-- What to do --
A faithful retyping of every entry below is wanted, with images left out.

-- Data provided --

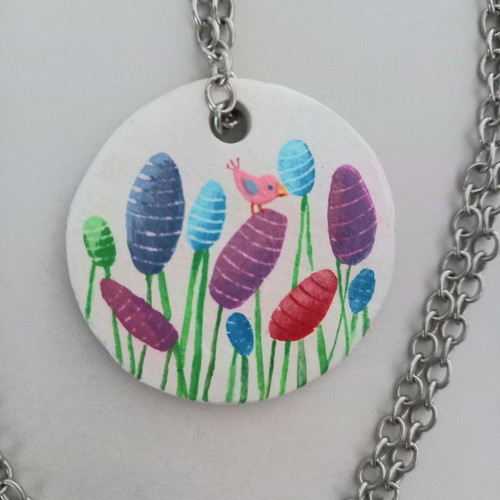Handmade pendant new from polymer clay hand painted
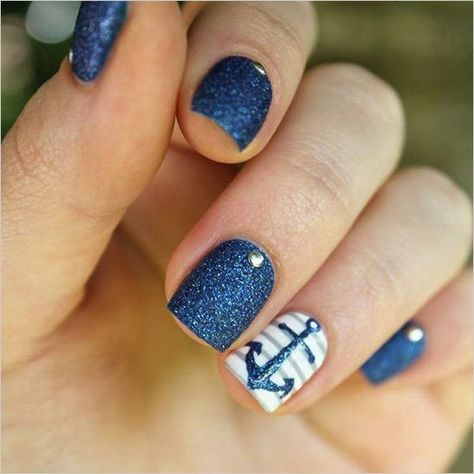 Sparkle Nails Design, Blue Anchor Nails, Anchor Nail Designs, Anchor Nail Art, Sparkle Nail Designs, Anchor Nails, Cruise Nails, Nautical Nails, Wedding Nails Design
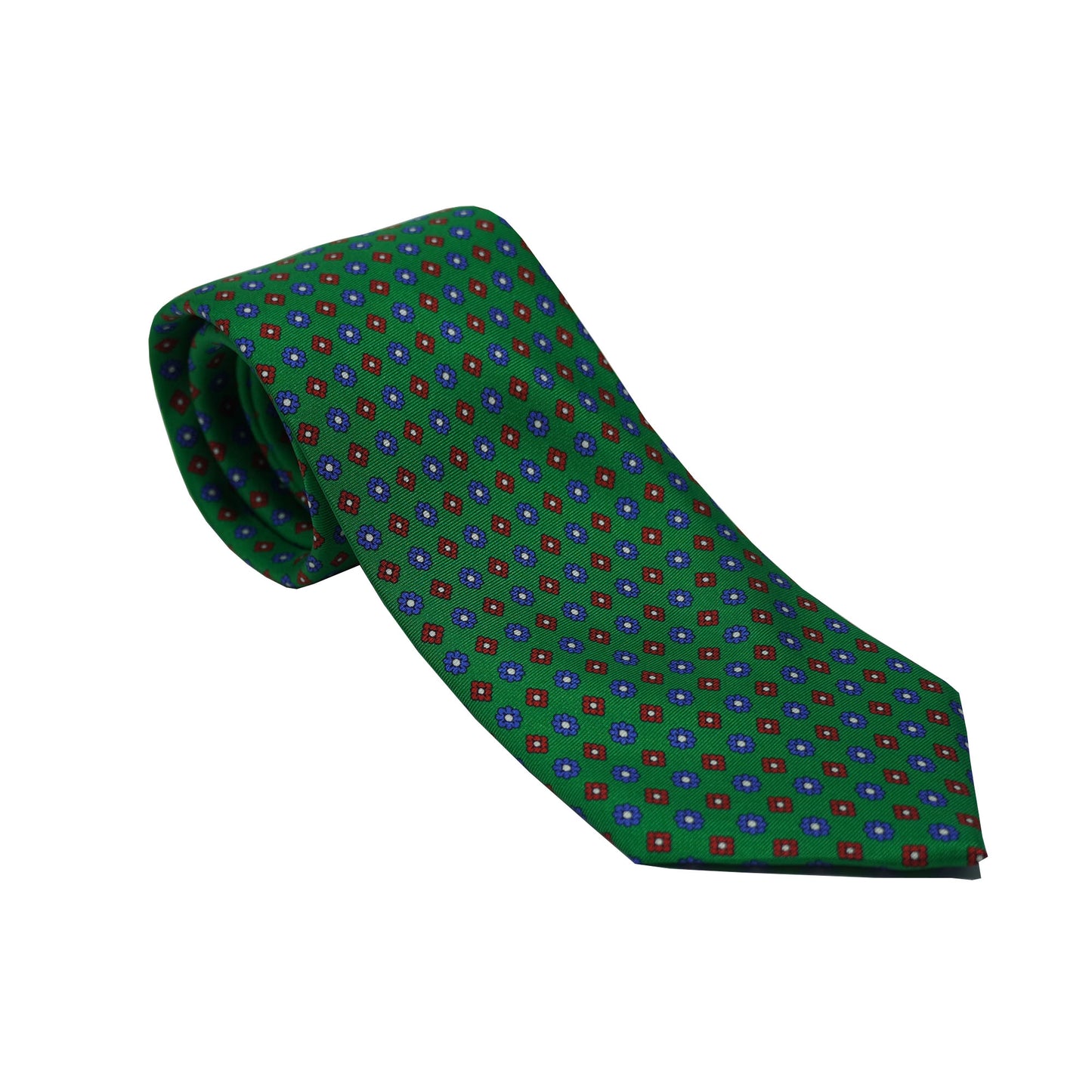 Green with Maroon/Blue Geometric Shapes Tie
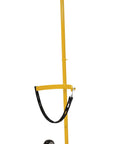 Front view of FEC-1 Steel Fire Extinguisher Carrier With 100 Lb Capacity Yellow, Welded Steel Construction With Powder Coat Finish, Tilt N Go Portable Carrier With Two Adjustable EPDM Straps, Rubber Grip Handle, And Poly On Poly Casters.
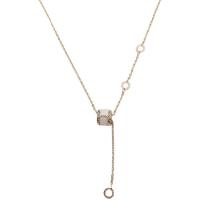 Collier de bijoux de titane, Acier titane, avec 1.97inch chaînes de rallonge, Placage de couleur d'or, bijoux de mode & pour femme & avec strass, 13mm .54 pouce, Vendu par PC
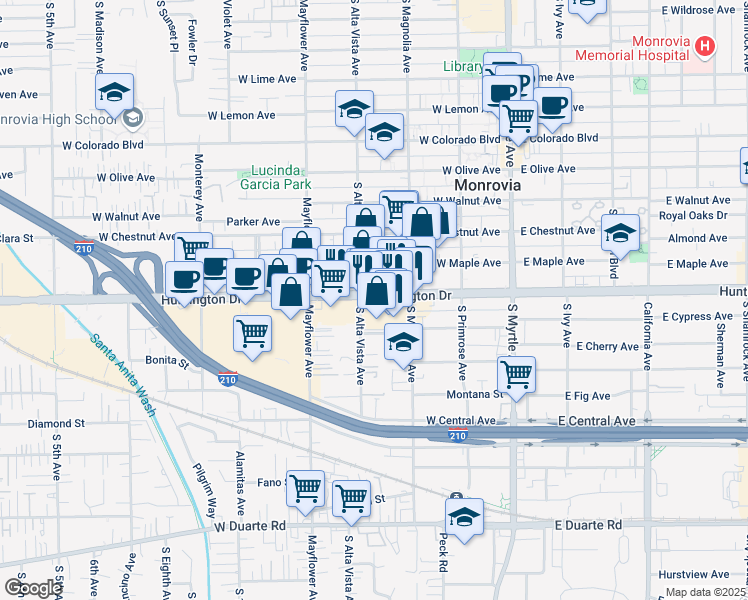 map of restaurants, bars, coffee shops, grocery stores, and more near 336 Huntington Drive in Monrovia
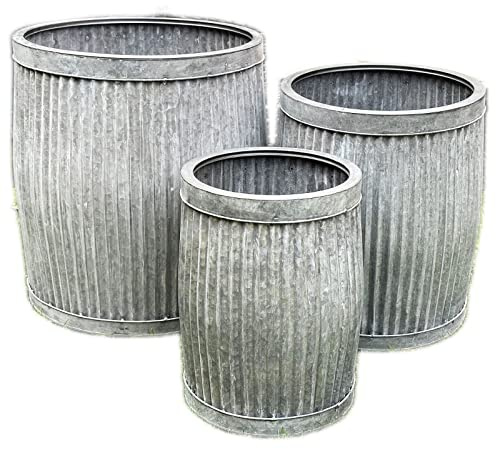 Darthome Set Of 3 Galvanised Tub Planters Large Metal Round Ribbed Dolly Garden Drum Pots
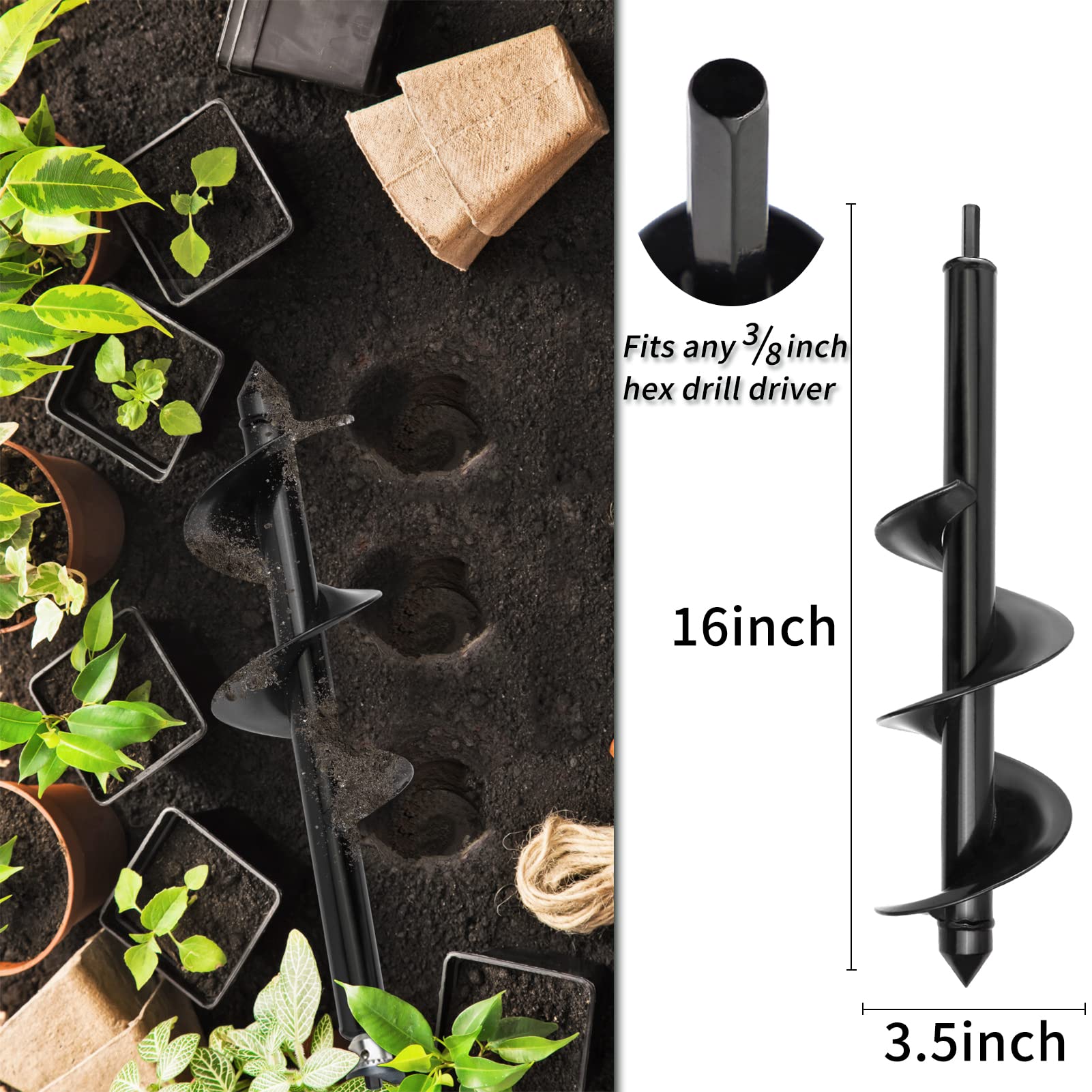 Garden Auger Drill Bit for Planting 2 Pack 3.5"x16"and 1.6"x16.5"Auger Drill Bit Plant Flower Bulb Auger Spiral Hole Drill Earth Post Umbrella Bulb Planter Auger for 3/8" Hex Drive Drill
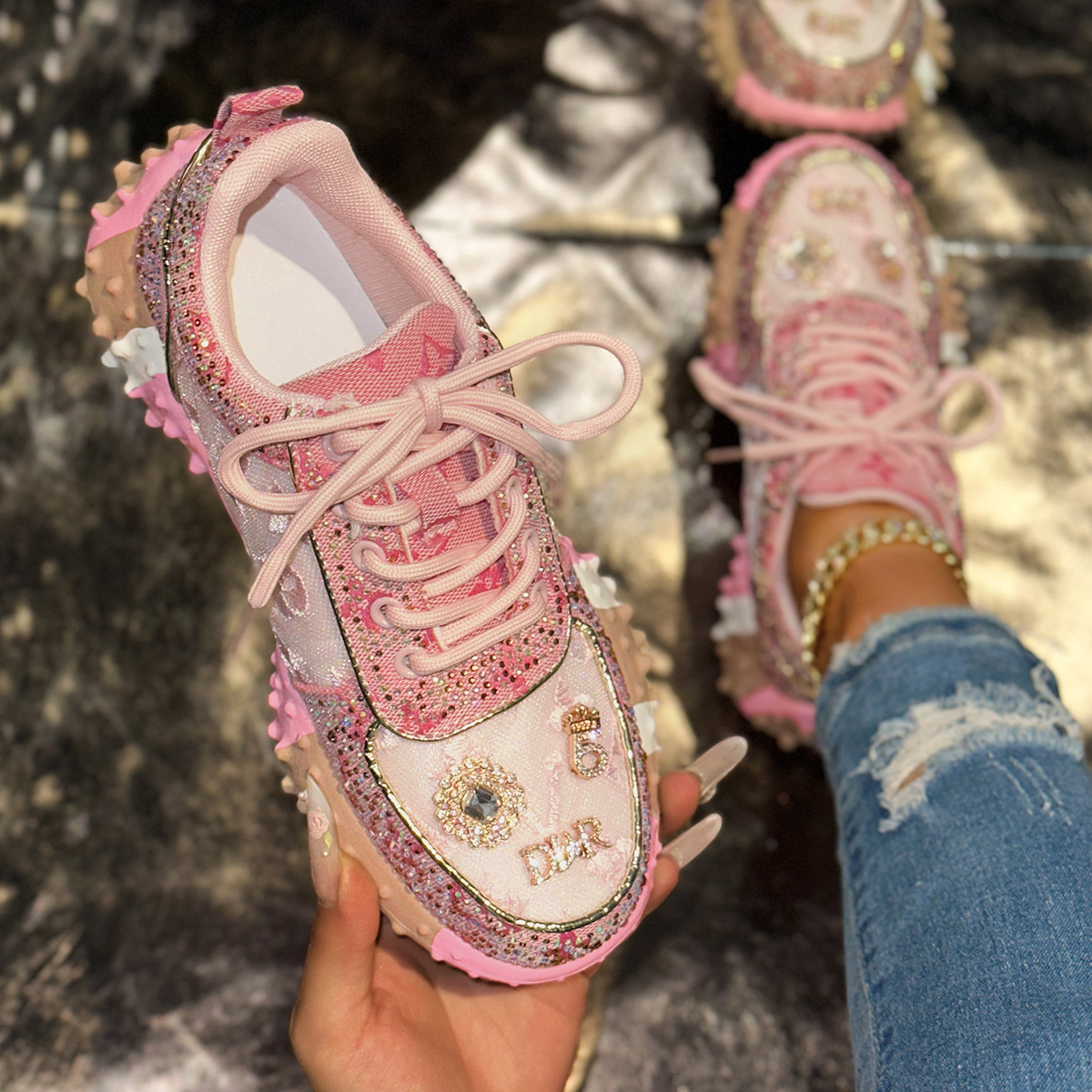Designer Rhinestone Chunky Sneakers Sparkly Platform Dad Shoes for Women European Style Street Fashion New Summer Thick Sole Casual Sports Rhinestone 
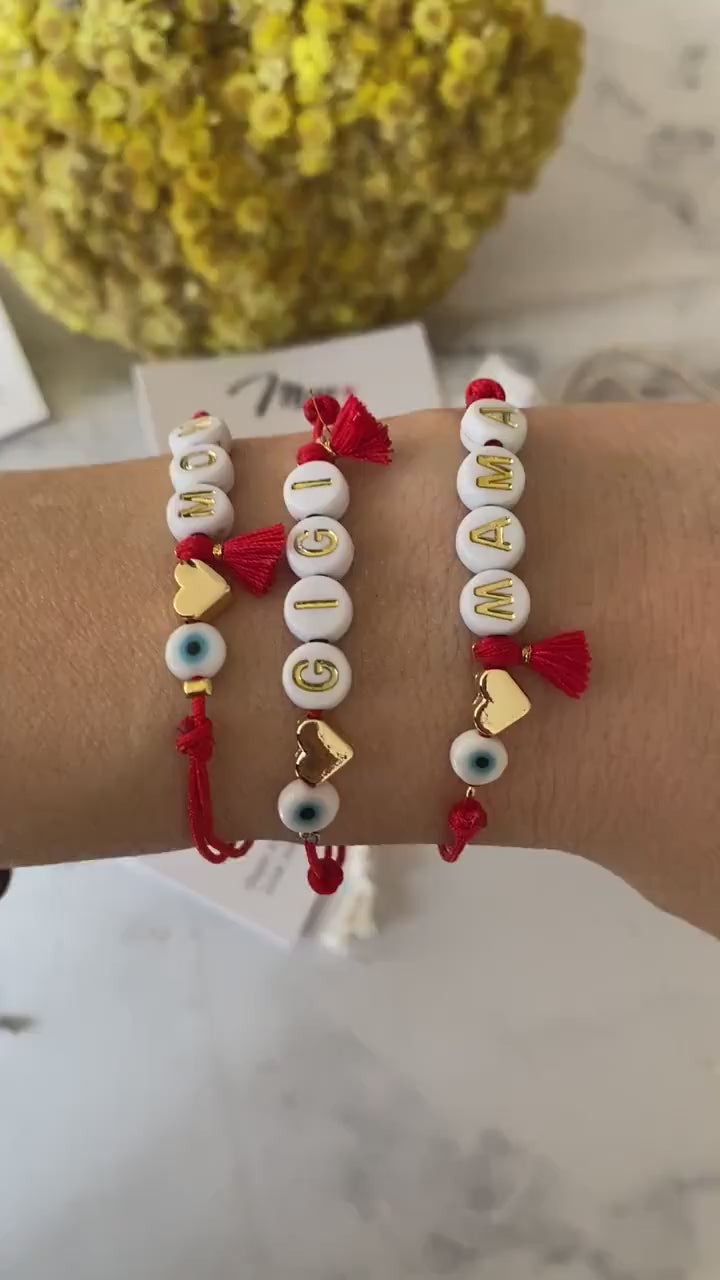 İsime Özel Kırmızı İp Bileklik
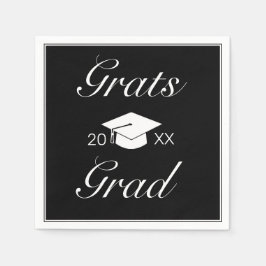 Guardanapo De Papel Graduação Mínima Moderna de Gratos Brancos Pretos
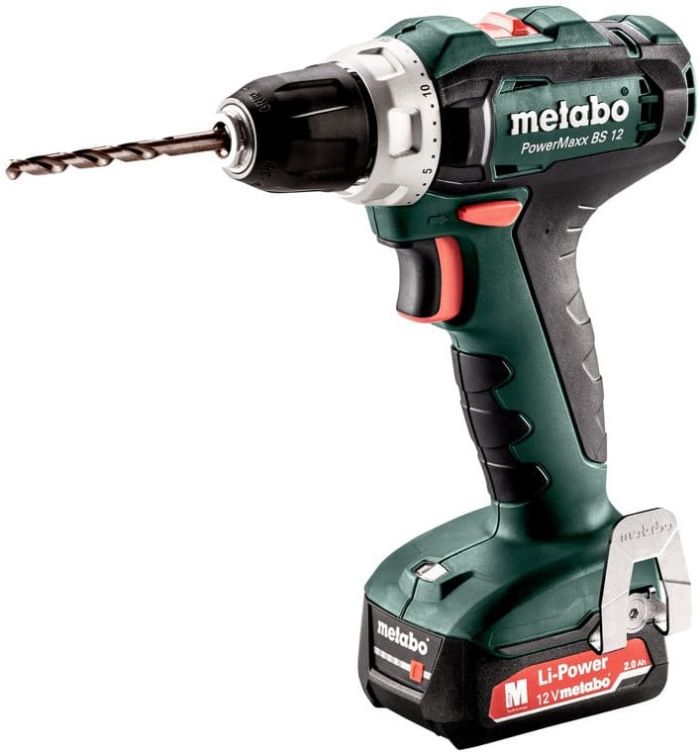 Шуруповерт-дрель аккумуляторный MetaboPowerMaxx SB 12 Set, 12В 2x2Ач, 17/40Нм, 0-360/0-1400об/мин, 1.1кг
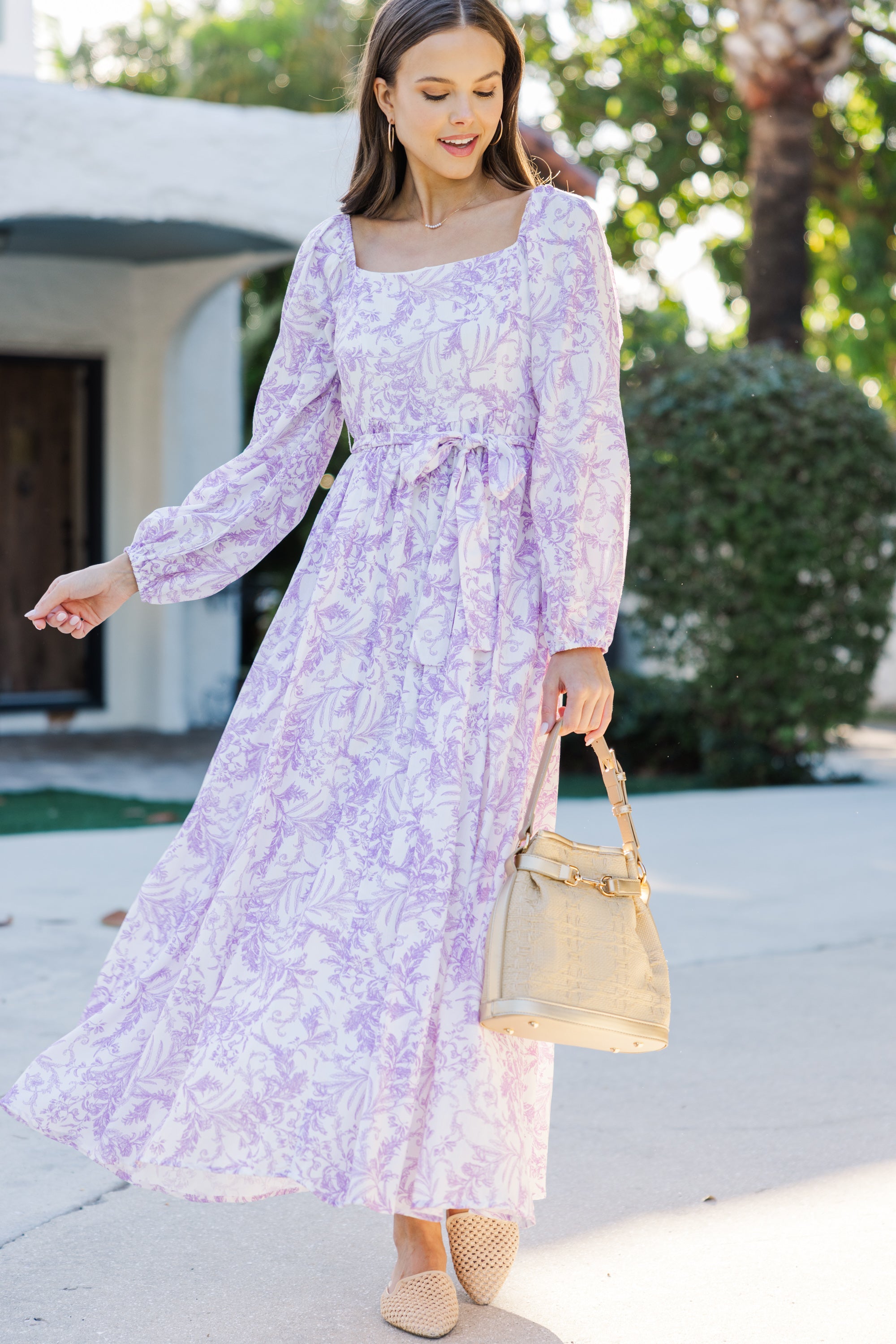 Enchanting Sweet Lavender Toile Midi Dress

-- Output of the exercise --
Handmade pendant new from polymer clay hand painted
 Sparkle Nails Design, Blue Anchor Nails, Anchor Nail Designs, Anchor Nail Art, Sparkle Nail Designs, Anchor Nails, Cruise Nails, Nautical Nails, Wedding Nails Design
 Green with Maroon/Blue Geometric Shapes Tie
 Front view of FEC-1 Steel Fire Extinguisher Carrier With 100 Lb Capacity Yellow, Welded Steel Construction With Powder Coat Finish, Tilt N Go Portable Carrier With Two Adjustable EPDM Straps, Rubber Grip Handle, And Poly On Poly Casters.
 Collier de bijoux de titane, Acier titane, avec 1.97inch chaînes de rallonge, Placage de couleur d'or, bijoux de mode & pour femme & avec strass, 13mm .54 pouce, Vendu par PC
 map of restaurants, bars, coffee shops, grocery stores, and more near 336 Huntington Drive in Monrovia
 Darthome Set Of 3 Galvanised Tub Planters Large Metal Round Ribbed Dolly Garden Drum Pots
 Garden Auger Drill Bit for Planting 2 Pack 3.5"x16"and 1.6"x16.5"Auger Drill Bit Plant Flower Bulb Auger Spiral Hole Drill Earth Post Umbrella Bulb Planter Auger for 3/8" Hex Drive Drill
Designer Rhinestone Chunky Sneakers Sparkly Platform Dad Shoes for Women European Style Street Fashion New Summer Thick Sole Casual Sports Rhinestone 
 İsime Özel Kırmızı İp Bileklik
 Guardanapo De Papel Graduação Mínima Moderna de Gratos Brancos Pretos
 Шуруповерт-дрель аккумуляторный MetaboPowerMaxx SB 12 Set, 12В 2x2Ач, 17/40Нм, 0-360/0-1400об/мин, 1.1кг
 Enchanting Sweet Lavender Toile Midi Dress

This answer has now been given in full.